I brought Amelia into the main entrance of Block B, feeling the stone walls caving in on us as I escorted her to what would look like a prison cell. The blocks where we kept the prisoners appeared much like the catacombs in Paris, and in some cases, worse. We were to treat the Jews as if they were animals. In fact, horses and cows lived in better circumstances.

Amelia cleared her throat as she continued to comply with our pace. "What's going to happen to us here?" I could tell she was trying to sound brave through the firmness of her question, but her voice shook, admitting to fear.

I took in her question, trying to summon a good response, but I heard voices of comrades in the nearby vicinity, and I couldn't risk the chance of any of them hearing a civilized conversation between Amelia and me. They would punish her to punish me.

"Why would you ask such a stupid question?" I announced, feeling the words catch in my throat.

"Why are we here?" she continued. At that moment, I realized what I was dealing with; Amelia was no ordinary woman. She was brave, strong, and resilient. She struck me as the type to die trying, and maybe that was what she was attempting to do at that moment. I felt as though she was testing her boundaries.

"To offer you shelter, of course. Just as you were told." I don't know what Amelia was told. I know she was torn from her home, forced to watch her mother meet her death, and then shoved onto a train. However, we were told to inform the Jews that we were going to be replacing their homes with new shelter. It was supposed to prevent mass chaos.

"One of you killed my mother—" I didn't hear the rest of what she said because my head began to spin. I don't know if she witnessed me standing there when her mother was shot, or what she may have seen, for that matter.

The first response that came to mind was: "I'm not one of them." I would be shamed and punished if anyone heard me say such a thing. Though, I was not one of them, and that was the truth. "We are all different, just like every one of you."

Her response was instant and did not require much thought. "You're a Nazi, so you are no different from the rest."

I was a Nazi. I represented hatred, antisemitism, and murder. I served the Führer, Adolf Hitler, and his disgust for Jews.
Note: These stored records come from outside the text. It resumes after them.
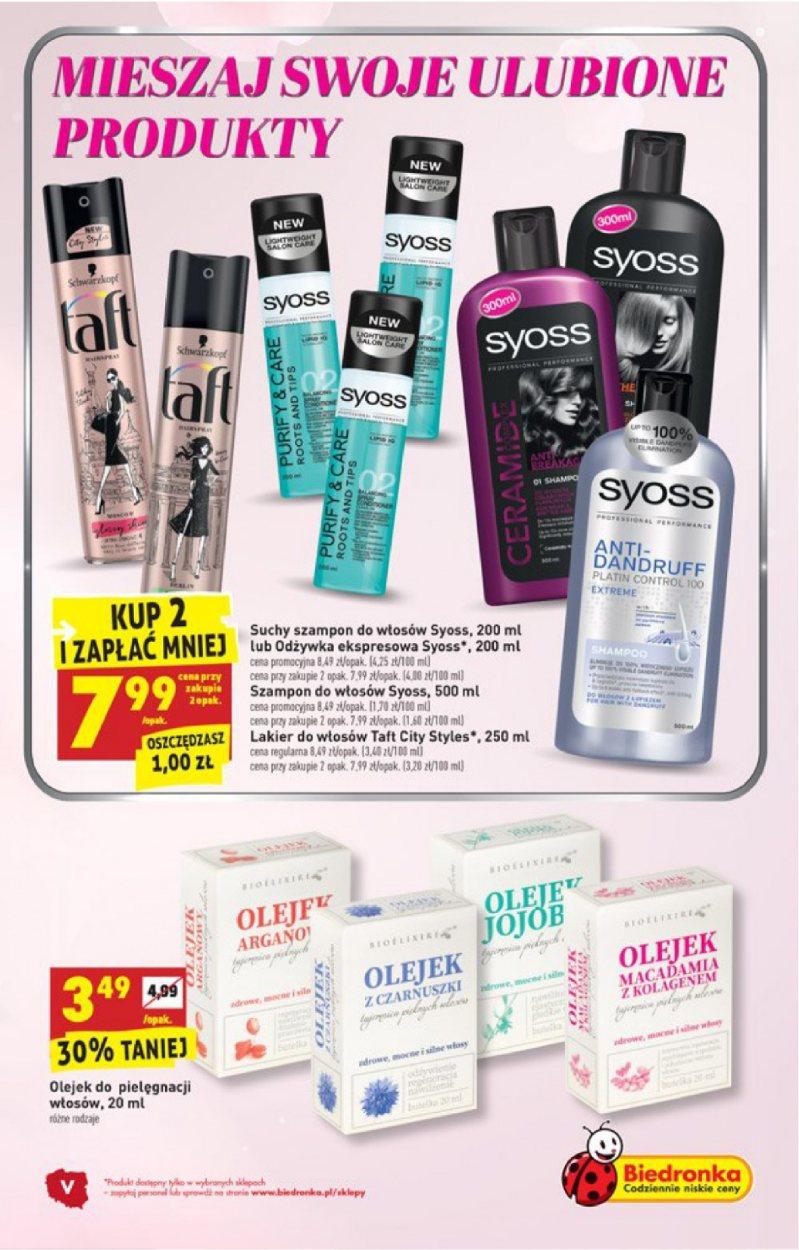 Gazetka promocyjna Biedronka str. 57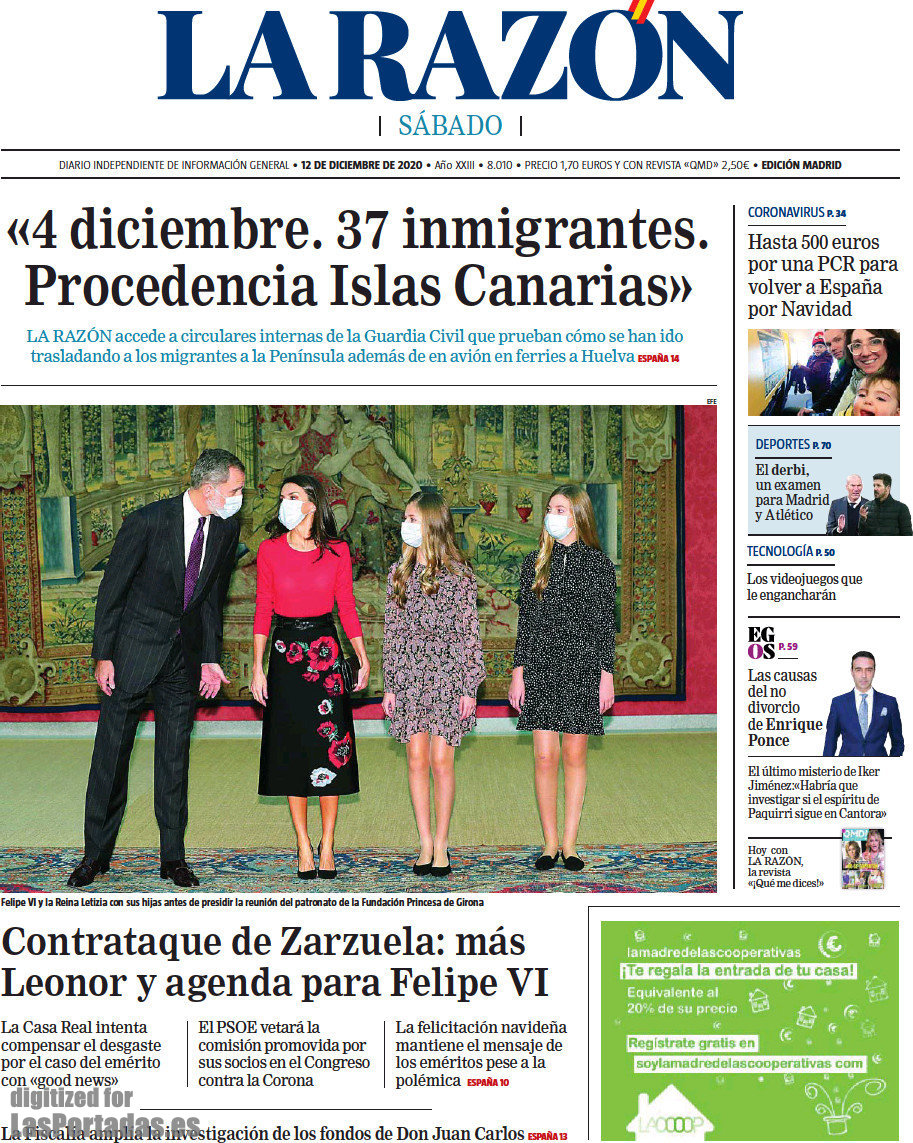 La Razón
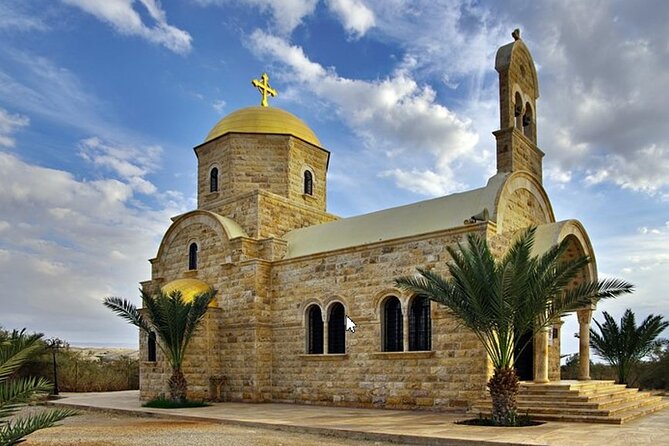 Holy-Land Tour, Full-Day from Amman or Airport - How this full-day Holy-Land route works from Amman or the airport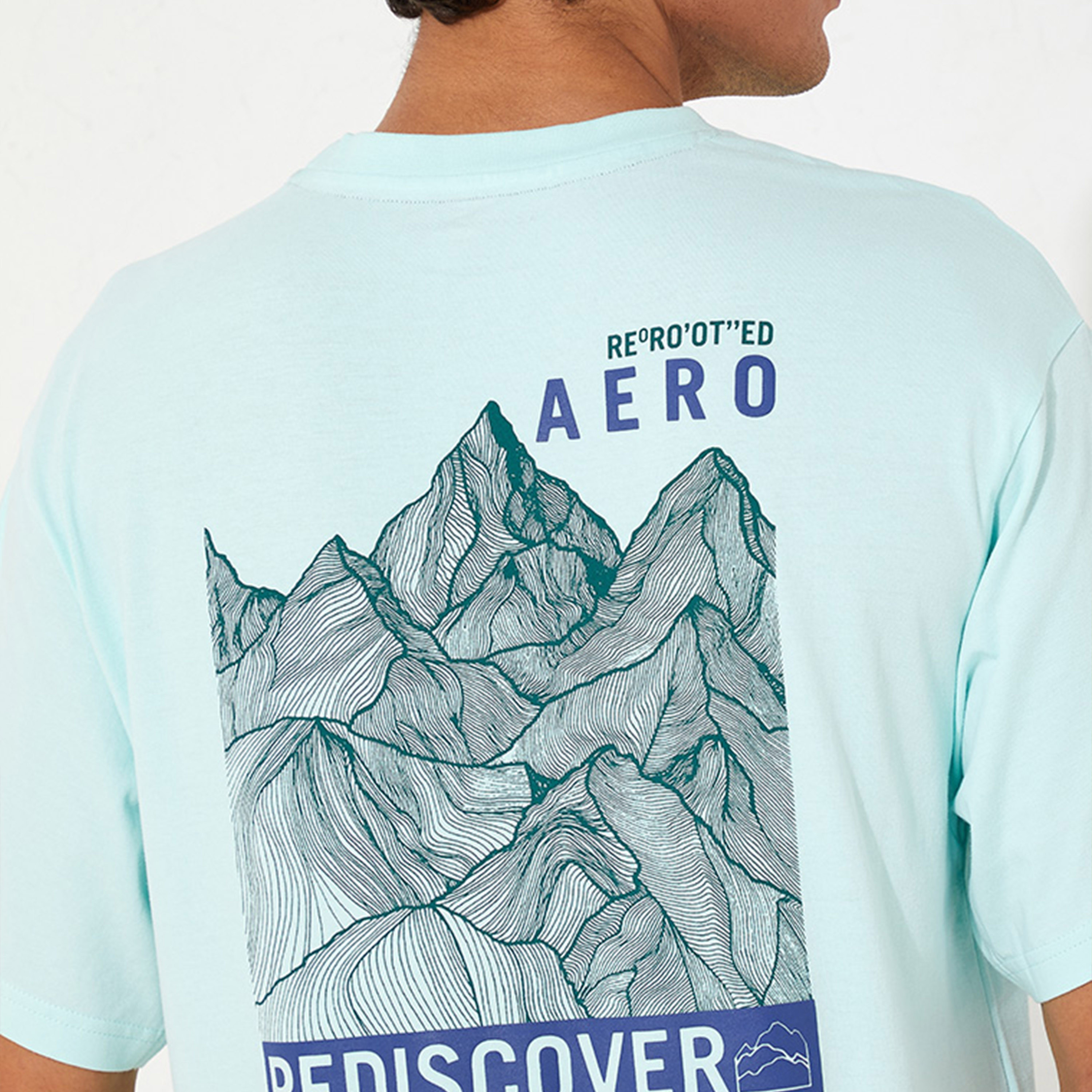 ايروبوستيل- تي شيرت رجالي مطبوع برقبة دائرية وأكمام قصيرة-men-clothing-tshirtsandpolos-tshirts-image-3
"You don't know what you're talking about," I told her. I shouldn't have responded. I should have let her have the last word because she was right. I was a Nazi, just like the Nazi who shot her mother, and the one who frisked her body as she stepped off the train. We were a united front, left with only our internal thoughts to separate us as beings.
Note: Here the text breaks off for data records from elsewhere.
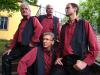 Oldieband Four Kings Silvester 2008 frei.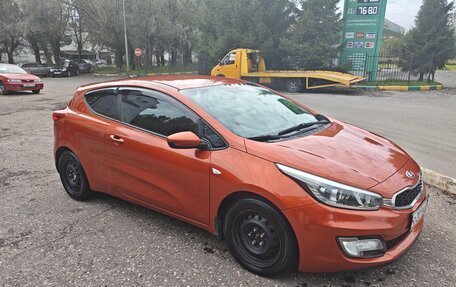 KIA cee'd III, 2014 год, 1 100 000 рублей, 3 фотография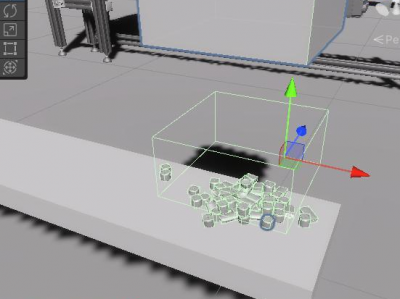  unity设备动作代码解析（2）：上料代码解析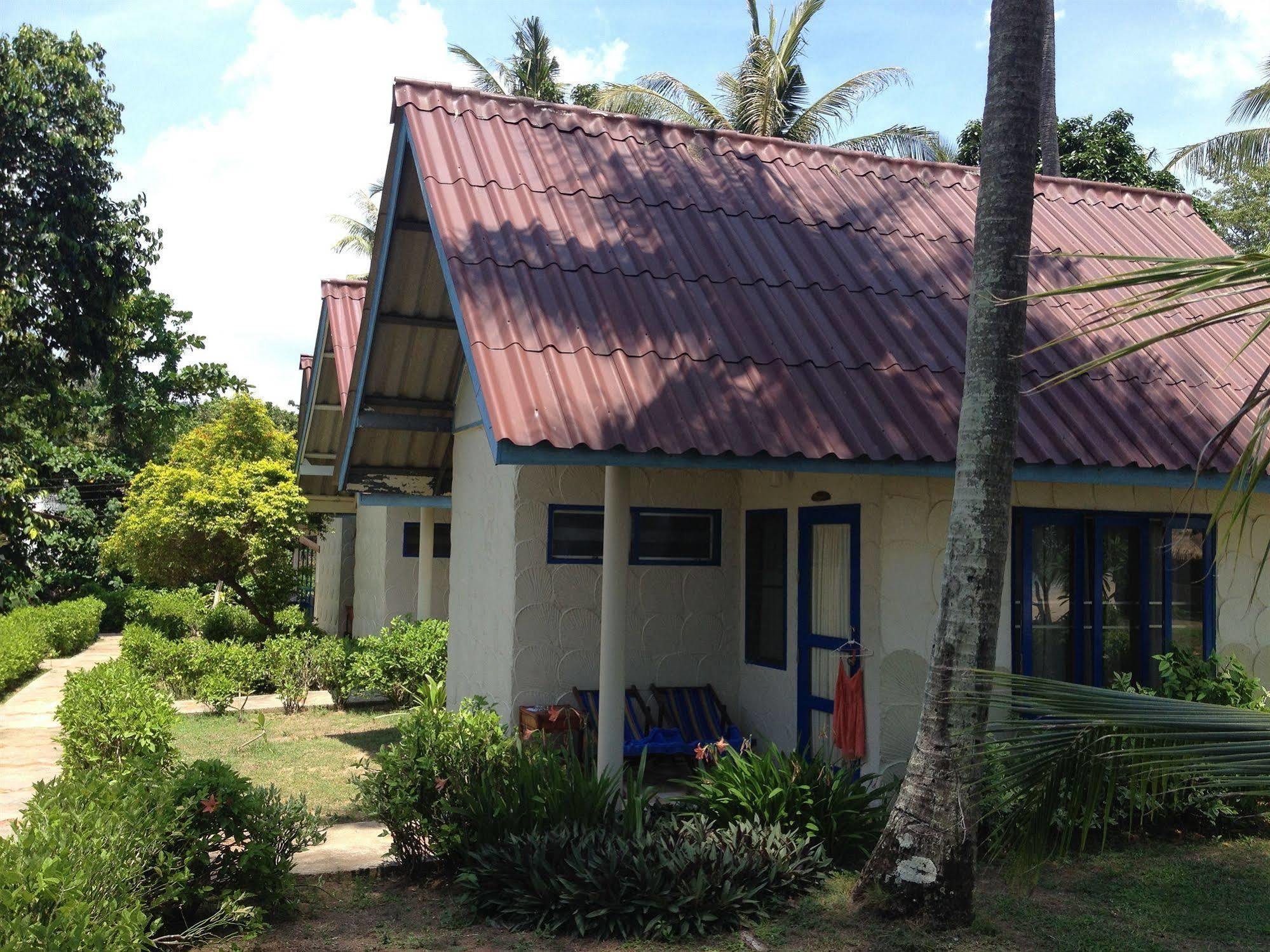 Gooddays Lanta Beach Resort Sha Koh Lanta Exterior photo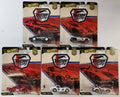Vintage Racing * 5 Car Set * 2026 Hot Wheels Car Culture Case T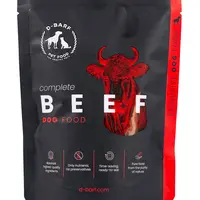 D-Barf Hovězí kompletka krmivo pro psy 300 g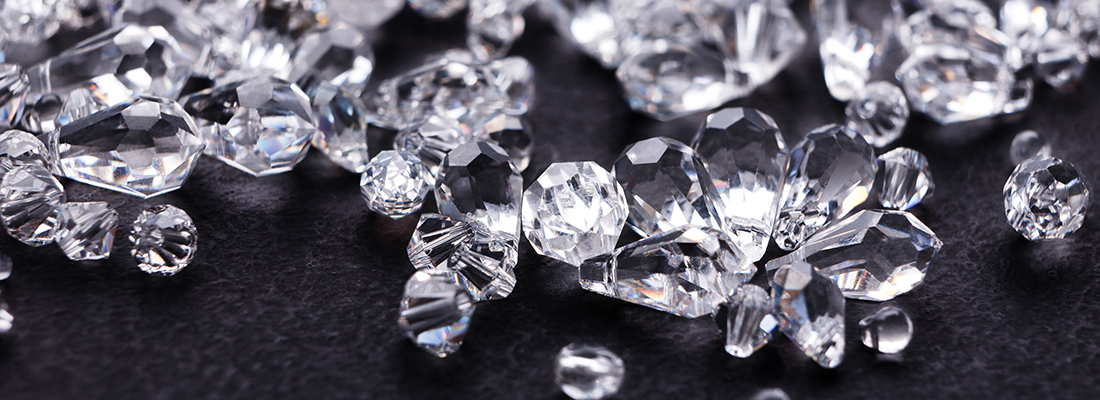 The 4 Cs of Diamonds: Cut, Clarity, Carat & Color Explained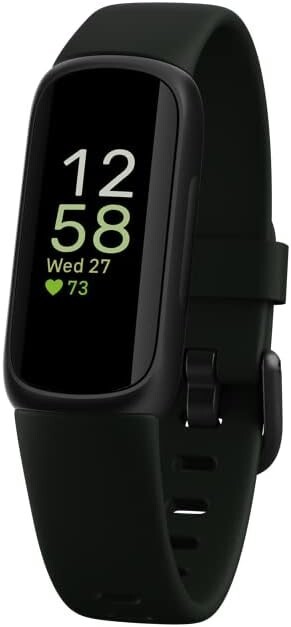 Fitbit Inspire 3 Fitness Tracker Advanced Health Insights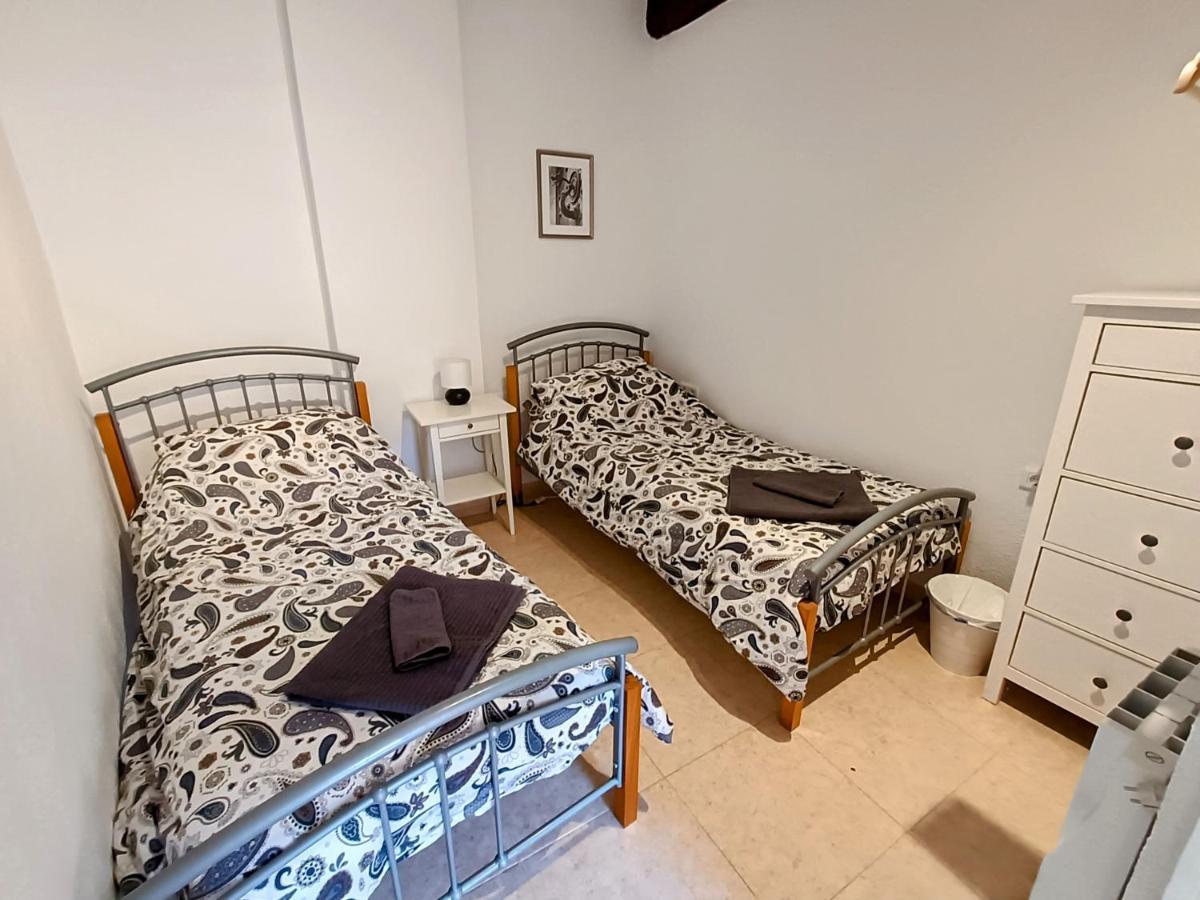Casa En La Valleta Ginestar エクステリア 写真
We reached the door to her cell block, and I pressed on the rusted metal to wave her inside. "This is where you will be staying," I told her, taking a look at the conditions from within the room. The bodily capacity was almost at max. The air wasn't circulating, and the smell was volatile—a mixture of urine and vomit. The women, already settled on their wooden bunks, were glowing with a faint look of sickness. They stared at me with drooping eyes and parted lips. They were starving for both food and answers, neither of which I could supply.
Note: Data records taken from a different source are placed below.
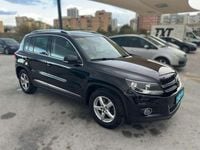 Usado VW Tiguan Sportline 122 HP (89 kW) 2014 Preto SUV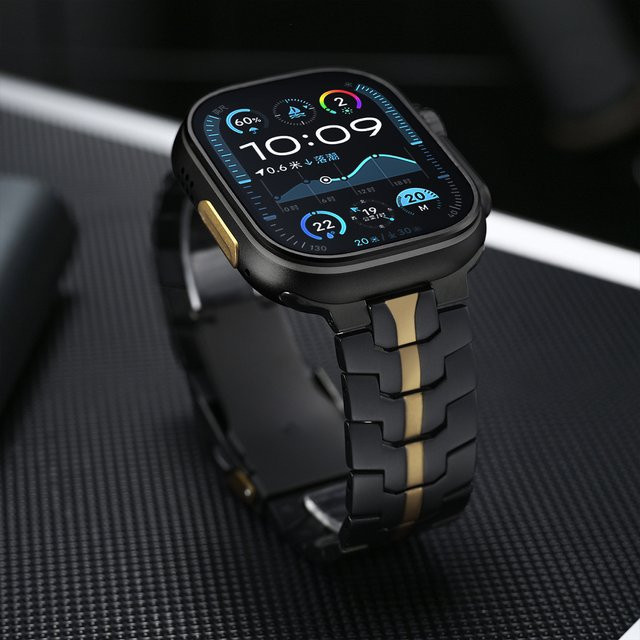 Uhrenarmband Titan, Unisex - Bild 1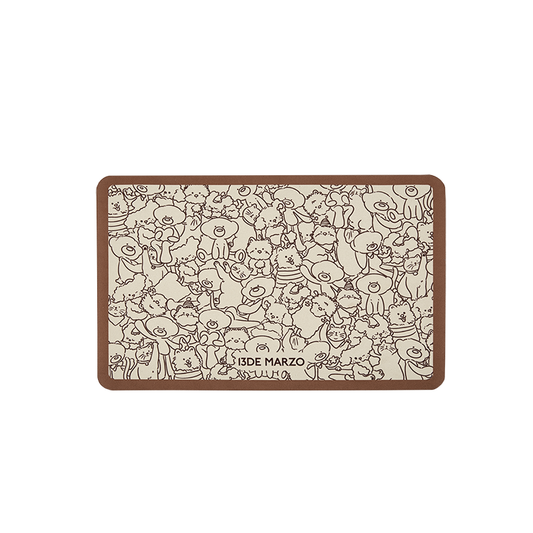 13DE MARZO Pet Mat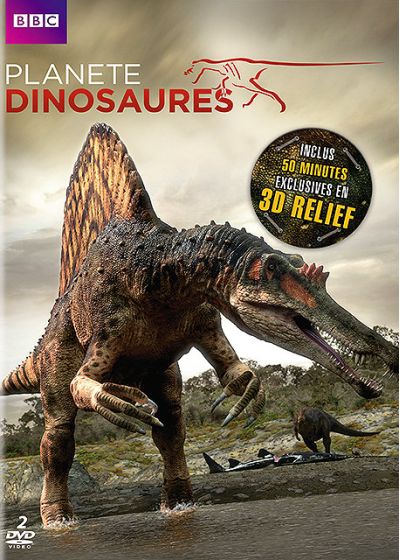 Planète dinosaures - DVD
"This is where I will be living?" Amelia asked, needing confirmation.

"Yes," is all I could say. My last meal was gurgling in my stomach, and my head was throbbing. I couldn't answer any more questions, and I couldn't bear the thought of forcing another innocent woman into the barren cell.

As soon as Amelia was inside the block, I closed the door behind her, nearly falling against the opposite wall while feeling disgusted with morbid affliction.

I told myself I could not go through with my tasks any longer. I wanted to run away and escape my duties. I needed to find a way out. I would run away that night; that was my plan.

However, before I made my way back out into the courtyard again, I began to realize what I would be leaving for only the selfish act of escaping.

Maybe I could escape, but Amelia and the others, they could not escape without being summoned to death. Running from the prisoners would be just as selfish as the tasks I was completing.

1Miss

Chapter 10

1942

Terezín, Czechoslovakia

My body was heavy as I marched out of the last barrack hallway for the evening. The Jewish people were released from the train. More than half were then sent to their next destination, and the others were given assignments to their appropriate blocks.